During the months that followed Trump’s election, he first blew any chance for even a short honeymoon with a dark, campaign-style inaugural address focused on “American carnage.” 

Then, failing to take advantage of a unified Republican government, he saw just one important piece of legislation that he supported enacted: a tax cut bill, the near-inevitable consequence of electing a Republican Congress.

This lack of achievement is remarkable considering that Trump took office under unusually favorable circumstances. Although the world had its share of problems, they were ongoing, not new or urgent. The domestic economy had been growing, slowly but steadily, for ninety consecutive months. The inflation rate was about 2 percent and unemployment had dipped below 5 percent. The percentage of Americans who regard themselves as middle- or upper-class had reached 62 percent, a greater share than before the 2008-2009 economic meltdown. The stock market was booming, having tripled from its modern low in March 2009.

Trump was elected by attacking the federal government, not by advancing a positive agenda. He has been insensitive toward anyone, in government or out, who disagrees with him. And he has been unwilling to reach out, as most presidents do at least symbolically, to the unconverted.
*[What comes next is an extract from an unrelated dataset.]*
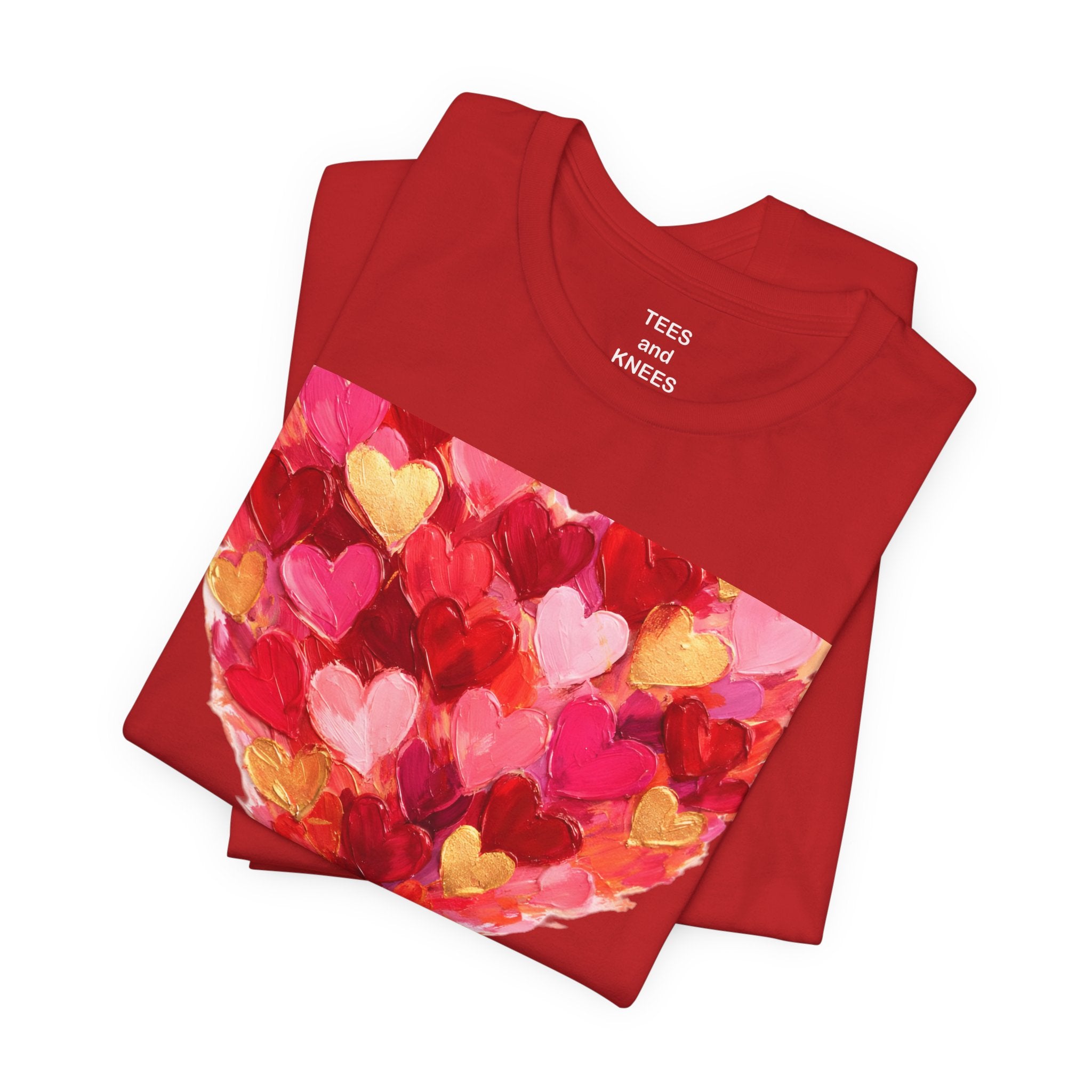 Valentine's Day Heart Tee — "Happy Valentine's Day" Graphic T‑Shirt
From the resistance that has emerged in Congress, the courts, the bureaucracy, the states and cities, the media, and the opposition party, Trump has been taught the hard way what most of the country has rejoiced in for more than two centuries: that the American constitutional system is well designed “to counteract ambition” when ambition aspires to roam directionless and unrestrained. Equally important, the Constitution countenances deal-making among officials chosen to represent the American people in all their variety. But has he been listening?